Was it true that Ike, as supreme commander in Europe, was theoretically a "general of the armies" or a six-star?
Eisenhower was most clearly a 5-star General of the Army distinct from a General of the Armies of the US - you need a specific Act of Congress to be a GOTASUS. Among the Western allies, the equivalent-ranking people, i.e. clearly 5 steps above Colonel, were the Field Marshals in the Commonwealth/Empire forces. Marhsall, Ike, etc. were made to have a rank equivalent to Montgomery and fellows's and Ike in turn was appointed to be SACEUR. He had authority over all others by virtue of his post, just as in other circumstances you have 4-star generals and admirals being supreme commanders over other 4-star generals and admirals.

Field Marshal is a historic grade that evolved to survive to this day. As the words indicate, it's the officer that marshals the forces in the field (thus the colloquial sports usage to refer to a gridiron quarterback). As the general grades became more complexly defined, it rose in status as most Old-World nations reserved the title for the seniormost generals. Some, e.g. German armies up to WW2, as a true operational rank -- Generalfeldmarschal as the superior to Generaloberst (colonel general). Others as a special dignity that is granted to a general for very distinguished service or when holding a special post (France).

"Brigadier" referred to the rank level at which you'd be in charge of a Brigade (duh), a unit assembled of components from more than one regiment, not yet a division; currently it's the main maneuver component of a division - usually at least two batalllions of your primary combat arm plus appropriate units of other branches (say, a cavalry troop, an engineer company, etc.).
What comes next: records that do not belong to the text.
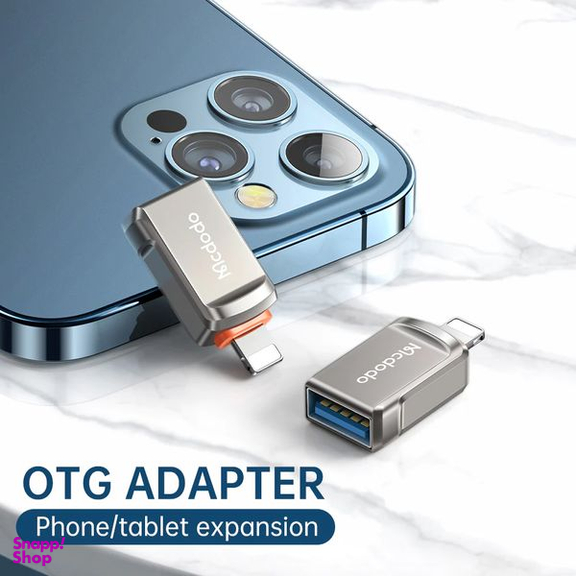 مبدل OTG USB به لایتنینگ مک دودو مدل OT-8600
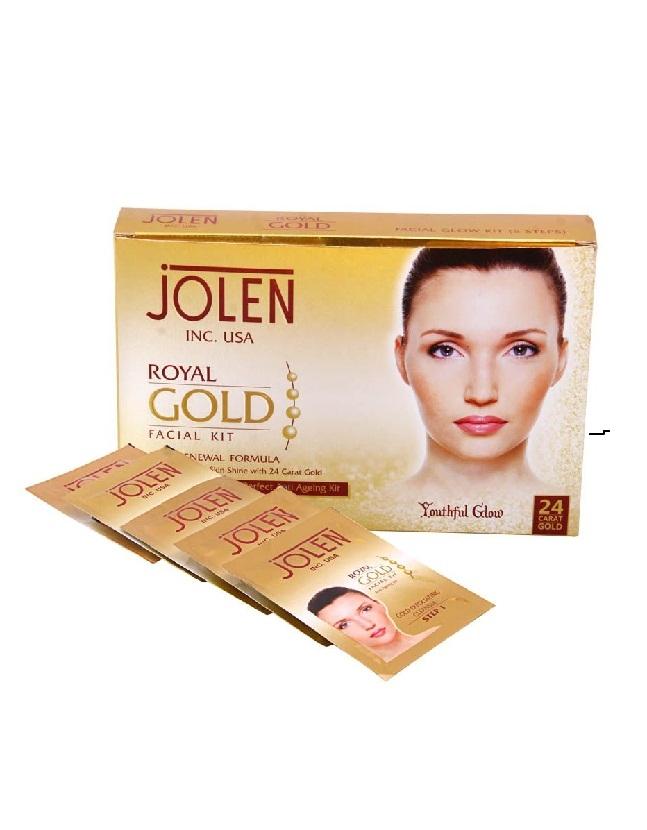 benefits of gold facial kit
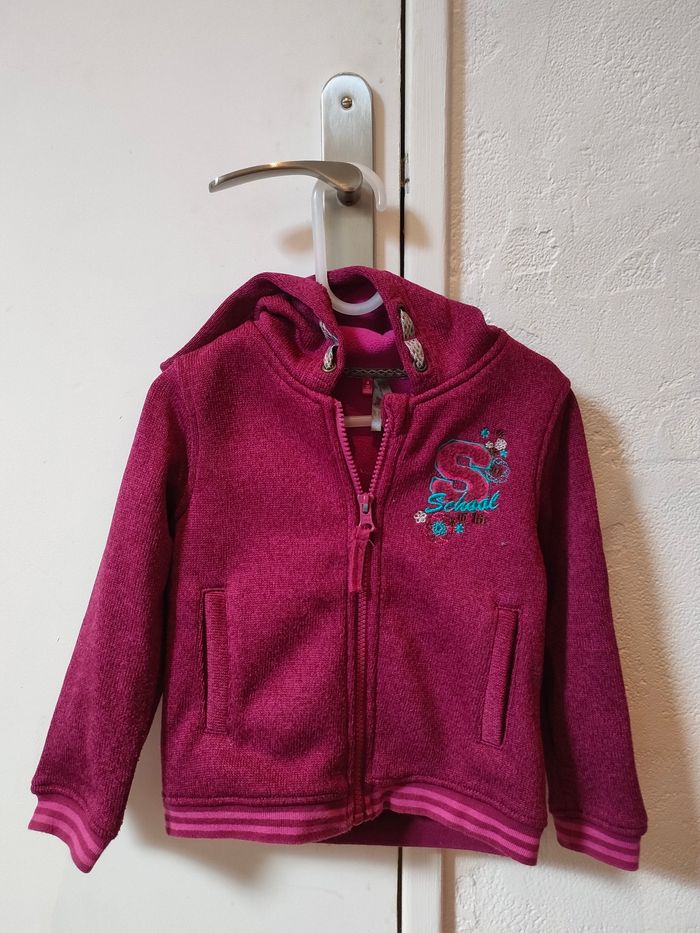 Veste à capuche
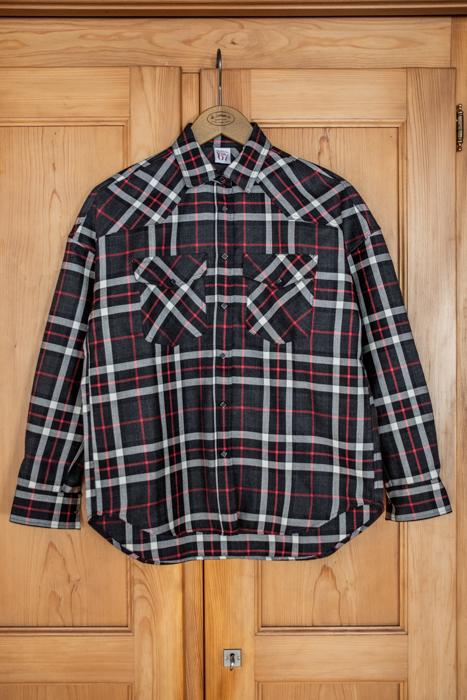 Flannel Shirt Wool Check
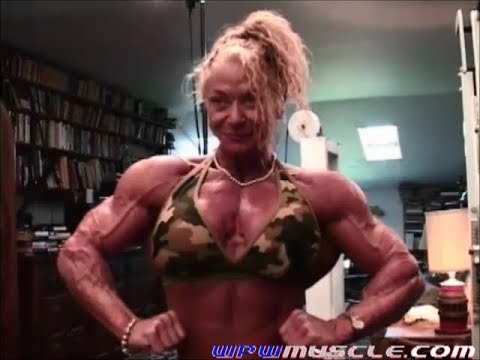 Female Bodybuilder Trudy Ireland - V684 Video Preview 1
Depending on your military's history, the traditional officer grade associated with this command was either a senior colonel or other super-field-grade officer (as in the British "Brigadier", known to Dr. Who fans) or the lowest rank of General. Napoleonic armies organized generalships by command: Brigade General, Division General, Corps General, Army General; many nations borrowed part of this structure - English speaking nations generally only the bottom grade because they tended to not have had it before (to this day, some armies do NOT have a BG equivalent and skip directly from COL to MG); Spanish-speaking armies have tended to borrow the bottom two. In modern practice, US Brigades are actually commanded mostly by full colonels.

The straight jump from COL to MG in some armies created more room at the top, actually -- in the Soviet military the grades were COL, then MG, LTG, Colonel General, Army General, and then two different types of Marshal: "Of (Branch)" and "Of The Soviet Union".